The session attracted about 30 onlookers, including a pair of police officers. Afterward, one officer acknowledged his surprise at the council’s shift in position. Temecula is one of 17 cities that contract with the county Sheriff’s Department for police services. Yet even the county – which for years opposed the commercialization of medical marijuana – has relaxed its stance of late.
California voters thrust the state in the forefront when they approved the nation’s first medical marijuana initiative in 1996. Since then, 22 other states and the District of Colombia have followed suit. Four states – Colorado, Oregon, Alaska and Washington – have also legalized recreational use of marijuana.
Yet despite California’s lead role, there was no uniformity across the state in establishing policies for sales, distribution or cultivation. Many cities like Temecula opted to simply ban cultivation and commercial sales of the product.
But a package of bills signed in October by Gov. Jerry Brown established a licensing system for medical marijuana dispensing, deliveries and cultivation.
That package, referred to as the Medical Marijuana Regulation and Safety Act, has prompted scores of jurisdictions to examine, and in many cases change, their long-standing policies. Unless cities or counties have ordinances in place by March 1, state rules will now govern medical marijuana activities.
Temecula and many other cities have since stressed the need to tailor their own ordinances in order to maintain local control over such a key issue.
At the Jan. 12 meeting, Temecula City Attorney Peter Thorson told the council it would need to move soon in order to meet the upcoming deadline. City ordinances typically take effect 30 days after they are approved on a second reading.
Cities throughout the area have recently enacted a range of policies. The city of San Diego has authorized 13 medical marijuana dispensaries, and many storefronts are becoming established in outlying unincorporated communities there. The city of Riverside will allow medical marijuana users to grow their own plants. Oceanside is expected to authorize medical marijuana deliveries, yet Poway and Escondido plan to keep their existing ban intact.
In May, Riverside County supervisors loosened their longtime opposition to medical marijuana. The county’s new ordinance, which took effect last July, permits holders of a medical marijuana identification card to grow plants.
Under the ordinance, a qualified patient or primary caregiver can grow up to 12 marijuana plants on the grounds of a single-family dwelling. Up to 24 plants may be grown if there are two patients or caregivers.
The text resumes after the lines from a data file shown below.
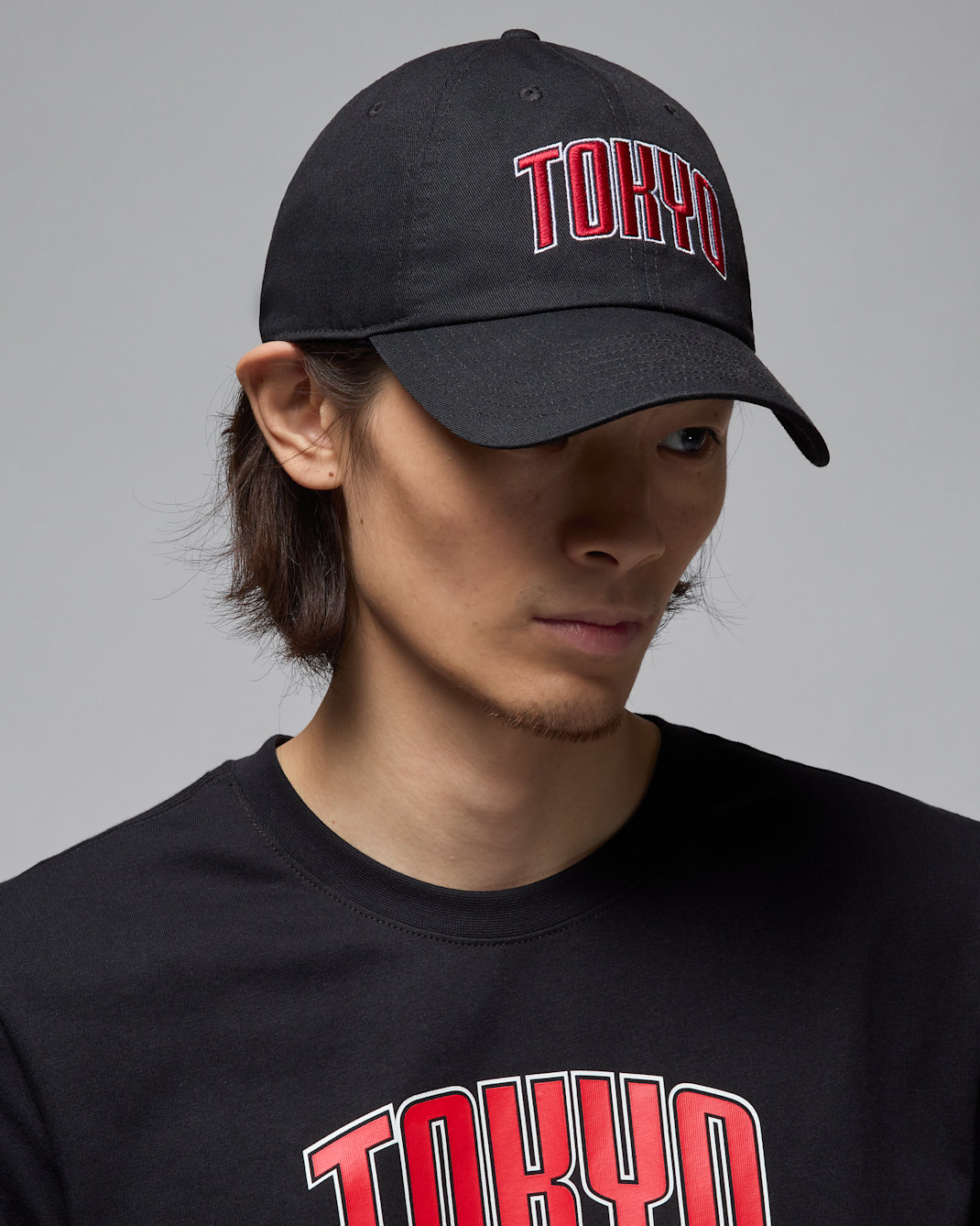 ジョーダン クラブ アンストラクチャード 東京 キャップ - ブラック/ジムレッド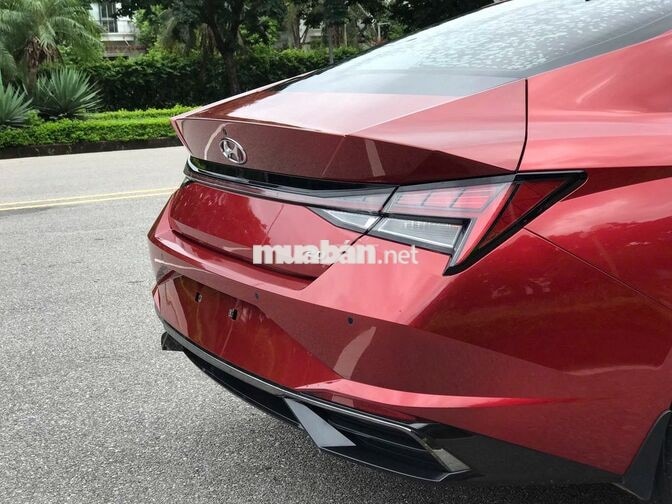 Hyundai Elantra 2.0 2022 Đỏ 22.555km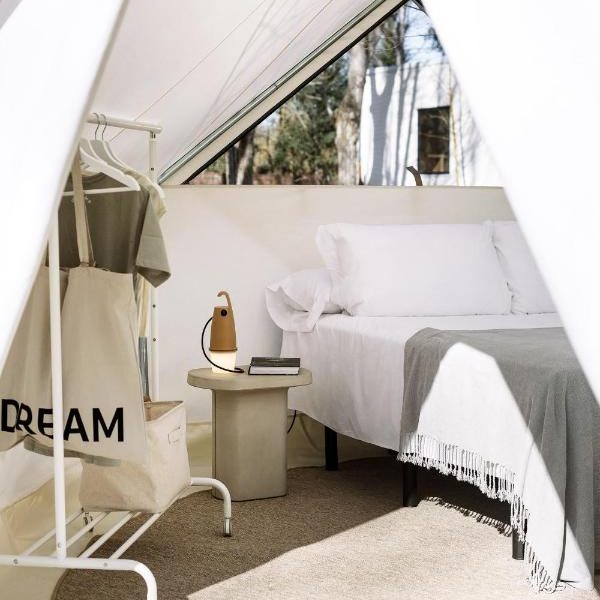 Camping wecamp Cala Montgo glamping Costa Brava l'escala HOLASPAIN spanje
A least one patient or caregiver must live on the property where the marijuana is grown.
The ordinance identifies a range of restrictions. For example, plants cannot be grown in certain structures and cannot be grown within 1,000 feet of any school, park or community center. Plants must also be reasonably secured to prevent theft or access by minors.
Yet federal law continues to outlaw marijuana possession, and the Food and Drug Administration has maintained that marijuana has no accepted medical use. Temecula Councilman Matt Rahn, a college professor and researcher who holds doctorate and law degrees, cited that dichotomy when he questioned the city’s proposed policy change.
“I haven’t been able to wrap my head around this fully,” Rahn said at one point.
But Rahn eventually agreed to take into account the views expressed by audience members and his colleagues as Temecula’s proposed ordinance undergoes scrutiny in the weeks ahead.
In the end, the council voted 4-0 to adopt the new ordinance in concept. Mayor Mike Naggar was absent from the meeting.